From the entries that follow, reproduce exactly and only the lines from the line with "Queen Rania Style" to the line with "The Shaley Denim", endpoints included.

----------------------------------------

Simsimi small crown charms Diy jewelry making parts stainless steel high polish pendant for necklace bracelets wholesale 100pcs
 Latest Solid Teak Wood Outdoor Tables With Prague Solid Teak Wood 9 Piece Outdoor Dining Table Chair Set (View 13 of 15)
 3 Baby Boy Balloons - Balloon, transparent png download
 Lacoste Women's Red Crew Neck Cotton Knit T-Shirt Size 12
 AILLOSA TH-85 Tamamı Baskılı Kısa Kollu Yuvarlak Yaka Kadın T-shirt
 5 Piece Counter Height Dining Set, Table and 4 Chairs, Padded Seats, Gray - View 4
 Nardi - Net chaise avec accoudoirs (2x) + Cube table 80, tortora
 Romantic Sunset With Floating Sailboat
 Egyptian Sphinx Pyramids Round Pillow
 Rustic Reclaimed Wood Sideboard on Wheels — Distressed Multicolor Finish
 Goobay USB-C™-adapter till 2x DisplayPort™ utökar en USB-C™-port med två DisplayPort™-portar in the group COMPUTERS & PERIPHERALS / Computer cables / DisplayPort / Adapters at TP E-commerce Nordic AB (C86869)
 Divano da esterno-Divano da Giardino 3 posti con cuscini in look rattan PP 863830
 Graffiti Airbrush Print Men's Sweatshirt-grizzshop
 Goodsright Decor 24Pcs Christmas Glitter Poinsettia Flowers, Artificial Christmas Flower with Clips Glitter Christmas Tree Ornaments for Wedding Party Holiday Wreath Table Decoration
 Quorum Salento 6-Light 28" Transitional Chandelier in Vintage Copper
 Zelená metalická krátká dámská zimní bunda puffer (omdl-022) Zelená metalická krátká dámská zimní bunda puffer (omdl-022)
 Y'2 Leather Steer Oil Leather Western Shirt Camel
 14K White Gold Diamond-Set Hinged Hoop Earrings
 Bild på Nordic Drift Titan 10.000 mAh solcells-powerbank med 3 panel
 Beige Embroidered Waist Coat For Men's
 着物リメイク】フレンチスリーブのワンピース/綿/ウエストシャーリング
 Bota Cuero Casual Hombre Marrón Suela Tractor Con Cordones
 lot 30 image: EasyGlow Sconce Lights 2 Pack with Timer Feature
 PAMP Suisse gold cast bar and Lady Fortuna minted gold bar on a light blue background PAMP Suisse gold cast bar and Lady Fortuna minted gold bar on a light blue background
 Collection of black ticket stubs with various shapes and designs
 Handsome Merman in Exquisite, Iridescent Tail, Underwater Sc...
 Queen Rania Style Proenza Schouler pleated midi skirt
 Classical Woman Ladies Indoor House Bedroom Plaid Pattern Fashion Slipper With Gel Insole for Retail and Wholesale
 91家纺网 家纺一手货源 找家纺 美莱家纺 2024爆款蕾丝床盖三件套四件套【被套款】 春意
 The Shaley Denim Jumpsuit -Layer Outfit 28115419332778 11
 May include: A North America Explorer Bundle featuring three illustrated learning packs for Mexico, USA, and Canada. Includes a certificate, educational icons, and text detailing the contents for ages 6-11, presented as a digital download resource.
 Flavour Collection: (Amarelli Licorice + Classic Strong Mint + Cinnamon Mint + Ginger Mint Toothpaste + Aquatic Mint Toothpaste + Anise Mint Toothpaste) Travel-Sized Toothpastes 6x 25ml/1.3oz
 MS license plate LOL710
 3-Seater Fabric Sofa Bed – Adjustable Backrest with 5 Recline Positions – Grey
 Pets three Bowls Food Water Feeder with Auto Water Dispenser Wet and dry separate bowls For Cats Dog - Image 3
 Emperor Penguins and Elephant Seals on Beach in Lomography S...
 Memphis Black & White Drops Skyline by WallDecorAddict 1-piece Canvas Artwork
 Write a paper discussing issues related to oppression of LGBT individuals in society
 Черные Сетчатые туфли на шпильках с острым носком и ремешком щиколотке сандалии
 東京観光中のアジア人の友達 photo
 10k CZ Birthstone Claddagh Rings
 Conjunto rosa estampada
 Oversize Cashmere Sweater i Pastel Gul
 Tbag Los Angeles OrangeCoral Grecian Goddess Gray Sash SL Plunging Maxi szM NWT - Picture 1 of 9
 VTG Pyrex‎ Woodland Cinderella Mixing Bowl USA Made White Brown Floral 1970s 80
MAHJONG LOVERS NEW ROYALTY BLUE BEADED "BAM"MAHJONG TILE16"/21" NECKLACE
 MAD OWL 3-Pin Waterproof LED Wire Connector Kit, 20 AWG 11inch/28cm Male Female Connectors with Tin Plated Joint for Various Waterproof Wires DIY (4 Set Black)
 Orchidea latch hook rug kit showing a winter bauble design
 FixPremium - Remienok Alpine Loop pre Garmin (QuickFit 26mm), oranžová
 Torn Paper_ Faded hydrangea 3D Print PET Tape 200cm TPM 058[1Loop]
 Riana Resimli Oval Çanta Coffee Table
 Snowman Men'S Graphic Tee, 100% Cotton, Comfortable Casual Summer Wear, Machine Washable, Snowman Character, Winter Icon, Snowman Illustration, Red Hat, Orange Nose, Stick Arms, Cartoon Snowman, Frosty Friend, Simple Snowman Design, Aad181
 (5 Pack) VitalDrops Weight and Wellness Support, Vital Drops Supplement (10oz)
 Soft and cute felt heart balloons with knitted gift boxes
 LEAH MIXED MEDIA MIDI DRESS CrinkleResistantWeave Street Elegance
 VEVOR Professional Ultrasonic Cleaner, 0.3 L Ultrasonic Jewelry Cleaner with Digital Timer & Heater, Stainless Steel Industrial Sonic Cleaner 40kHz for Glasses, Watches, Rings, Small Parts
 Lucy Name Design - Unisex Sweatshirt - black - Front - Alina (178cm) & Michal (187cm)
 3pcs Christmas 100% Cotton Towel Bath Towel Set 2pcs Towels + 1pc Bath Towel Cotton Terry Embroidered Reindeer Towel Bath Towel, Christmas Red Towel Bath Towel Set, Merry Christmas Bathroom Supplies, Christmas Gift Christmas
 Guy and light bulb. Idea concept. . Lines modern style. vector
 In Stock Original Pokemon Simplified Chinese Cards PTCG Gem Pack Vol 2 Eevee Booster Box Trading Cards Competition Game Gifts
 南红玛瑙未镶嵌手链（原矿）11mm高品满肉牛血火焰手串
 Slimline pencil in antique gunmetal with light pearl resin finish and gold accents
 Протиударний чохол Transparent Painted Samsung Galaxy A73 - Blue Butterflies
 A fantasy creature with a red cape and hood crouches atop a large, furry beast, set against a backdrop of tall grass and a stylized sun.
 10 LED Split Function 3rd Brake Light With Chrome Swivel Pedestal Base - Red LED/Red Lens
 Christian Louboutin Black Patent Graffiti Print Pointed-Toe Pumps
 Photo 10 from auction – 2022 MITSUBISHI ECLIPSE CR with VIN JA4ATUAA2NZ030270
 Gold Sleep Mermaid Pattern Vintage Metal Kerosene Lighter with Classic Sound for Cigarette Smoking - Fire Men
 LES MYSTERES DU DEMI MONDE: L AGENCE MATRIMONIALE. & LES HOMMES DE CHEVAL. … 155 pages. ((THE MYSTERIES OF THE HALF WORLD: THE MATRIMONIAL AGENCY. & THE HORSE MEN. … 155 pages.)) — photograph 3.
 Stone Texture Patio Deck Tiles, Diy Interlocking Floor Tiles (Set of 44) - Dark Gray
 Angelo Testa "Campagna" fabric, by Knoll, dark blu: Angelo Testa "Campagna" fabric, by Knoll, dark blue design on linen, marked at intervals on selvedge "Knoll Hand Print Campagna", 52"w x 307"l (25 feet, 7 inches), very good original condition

----------------------------------------

■ Solution for this exercise:
 Queen Rania Style Proenza Schouler pleated midi skirt
 Classical Woman Ladies Indoor House Bedroom Plaid Pattern Fashion Slipper With Gel Insole for Retail and Wholesale
 91家纺网 家纺一手货源 找家纺 美莱家纺 2024爆款蕾丝床盖三件套四件套【被套款】 春意
 The Shaley Denim Jumpsuit -Layer Outfit 28115419332778 11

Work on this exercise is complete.